Güvenlik uzmanı Ağar, Demokratik Suriye Güçleri (QSD-DSF) adı altında Suriye’nin kuzeyinde ABD öncülüğünde oluşturulan PKK-YPG ağırlıklı aparat gücün Rakka’yı IŞİD’in elinden almak üzere başlattığı operasyonla ilgili bir fotoğrafta ABD Özel Kuvvetleri'ne ait olduğu tahmin edilen çöl kamuflajlı silahlı kişilerin YPG’ye ait sembolleri taşıdığının görüldüğünü hatırlatarak, "Ve herkes bu fotoğraftakiler için ABD Özel Kuvvetleri diyor. Mümkün, ama o kadar basit değil. Bu fotoğrafa dair iki olasılık var; bunlar gerçekten ABD Özel Kuvvetleri'ne bağlı Delta ya da Seal-6. ABD Özel Kuvvetleri'nin uyguladığı Kızılderili taktiklerinin ya da operasyonun bir gereği olarak bu sembolleri takıyorlar. Buraya kadar normal ve aslında çokta şaşılacak bir şey yok. Peki ya bunlar ABD Özel Kuvveti değilse. Başka bir kuvvetse. Bakalım. Bunların Özel Kuvvet (Delta ya da Seal-6) olma olasılığı az. Çünkü ABD bu özel unsurlarını bu alanlarda bu şekilde kullanmıyor. Bölgeye özel görevler için gönderilen ve sayıları sadece yüzlerle ifade edilen ABD askerleri, DSG-YPG’yi yönetmek, yönlendirmek, sevk-idare ve koordine etmek, gözlemlemek, raporlandırmak, kendi hava unsurlarına hedef tarif etmek, 'arabuluculuk' ve gerektiğinde özel ve nokta operasyonları yapmak için orada bulunuyor. Yani çatışmaya girmek gibi bir dertleri yok. Nasıl olsa DSG-YPG onlar için ölüyor" ifadesini kullandı.

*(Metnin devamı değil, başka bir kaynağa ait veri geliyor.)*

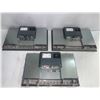 Image 2 : (3) Siemens # 1P 6AV2 124-1MC01-0AX0 Screens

ABD'nin özellikle Irak ve Suriye çatışma alanlarında kendi asker kayıplarına karşı çok hassas olduğuna dikkat çeken Ağar, şu değerlendirmeyi yaptı:
"Daha geçenlerde Senato’da Savunma Bakanı Carter’ı senatörler hesaba çekiyorlardı. Savunma Bakanı hayatını kaybeden üç (evet yüz binlerce insanın hayatını kaybettiği alanlarda sadece 3 ABD askerinin) hesabını vermekte bile çok zorlandı. ABD, ‘idari zayiatlar hariç’ biri Havice’de, biri Mahmur’da, biri de Musul’un batısında olmak üzere sadece 3 askerini kaybetti ve sırf bu yüzden Senato'da kızılca kıyamet koptu. Üç askerinin hesabını vermekte zorlanan ABD, namlunun başında ve savaşın ön safında özel askerlerini neden kullansın? Zaten gerekte yok, ihtiyacı da. Neden ölsün ki ABD askeri?"
MİKRO MİKROP ORDULAR
ABD'nin 2003 işgalinden beri bu coğrafyada özel güvenlik şirketi adı altında “paralı askerleri”, yani “mikro mikrop orduları” çok etkin bir şekilde kullandığına dikkat çeken Ağar, şunları kaydetti:
"Biz bunlardan sadece birini tanıyoruz. Blackwater. Blackwater, Irak’ta (Nisour vakası gibi) masumların hayatını kaybettiği ve ABD’de ceza ve mahkumiyet almasına neden olan olaylar nedeniyle önce 'Xe Hizmetler' sonra da 'Acedemia' ismini alarak yoluna devam ediyor. Yalnız, onlar bu yolda yalnız değil. Bunların yabancı olanların sayısı sadece Irak’ta 30 kadar. Bir de bunların taşeron olarak kullandığı kayıtlı 70 kadar yerli paramiliter şirket var. Bu şirketler safında ölen paralı askerlerin iç kamuoyunda hesabını vermek ise ABD için çok kolay. Parayı bastırdığı için isimleri bile okunmuyor. Zaten isimlerinin anılmaması da gerekiyor."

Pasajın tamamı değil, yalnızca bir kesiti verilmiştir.